- **Dataset content**
....

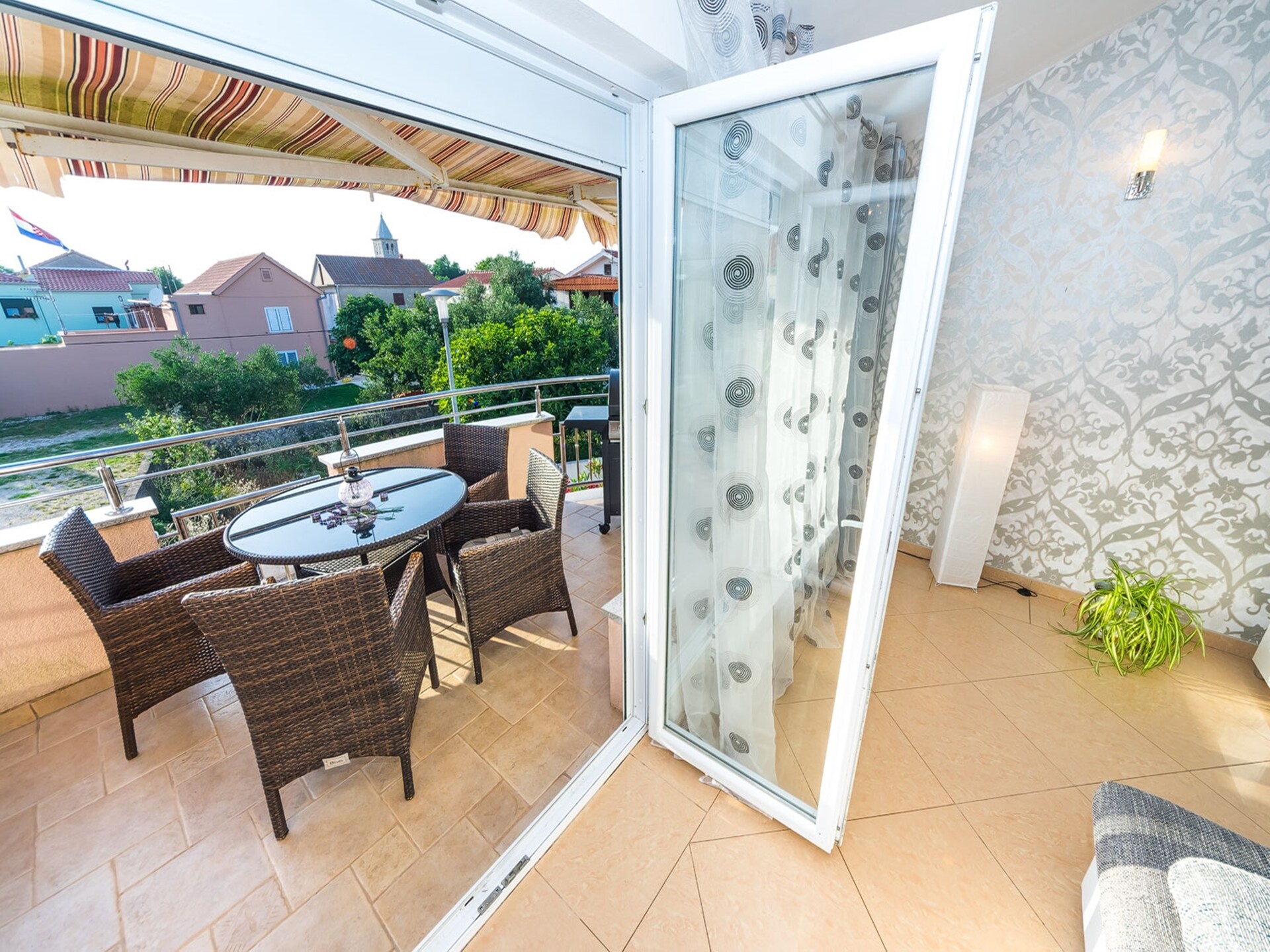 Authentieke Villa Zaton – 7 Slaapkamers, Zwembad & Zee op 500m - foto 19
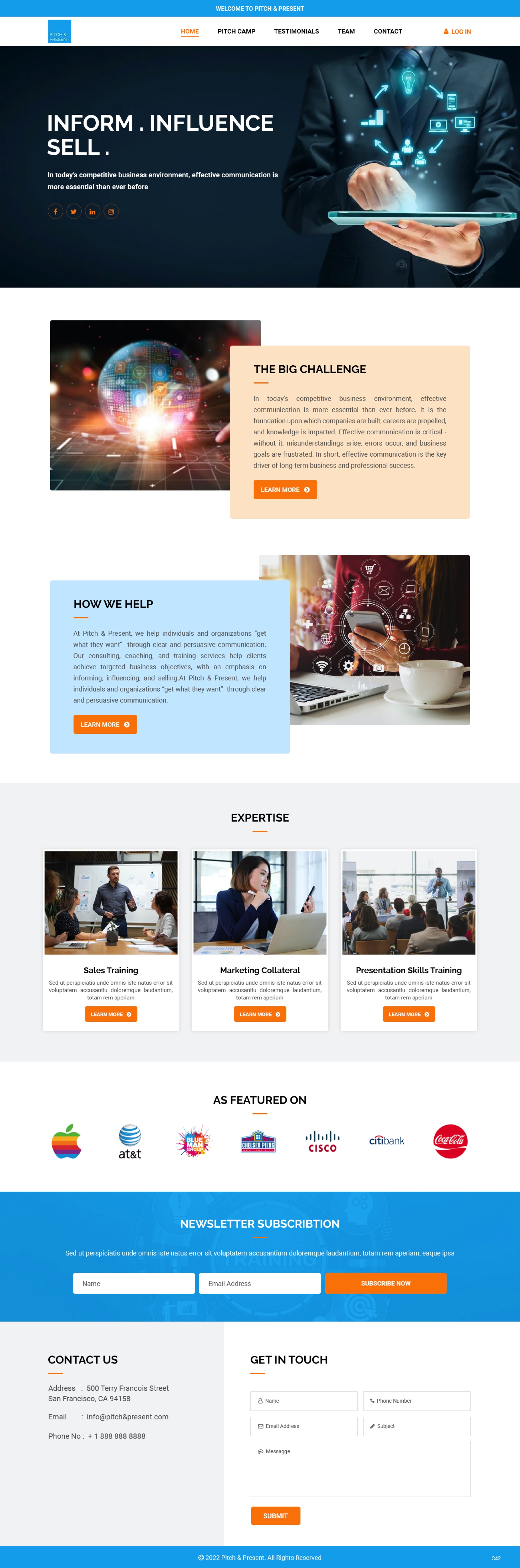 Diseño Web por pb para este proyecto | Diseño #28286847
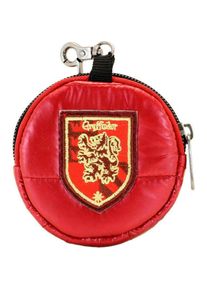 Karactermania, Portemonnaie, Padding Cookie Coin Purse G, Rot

....

- **Problem details**
Each line above has to be returned exactly. Drop the pictures.

- **Solution**
 Authentieke Villa Zaton – 7 Slaapkamers, Zwembad & Zee op 500m - foto 19
 Diseño Web por pb para este proyecto | Diseño #28286847
 Karactermania, Portemonnaie, Padding Cookie Coin Purse G, Rot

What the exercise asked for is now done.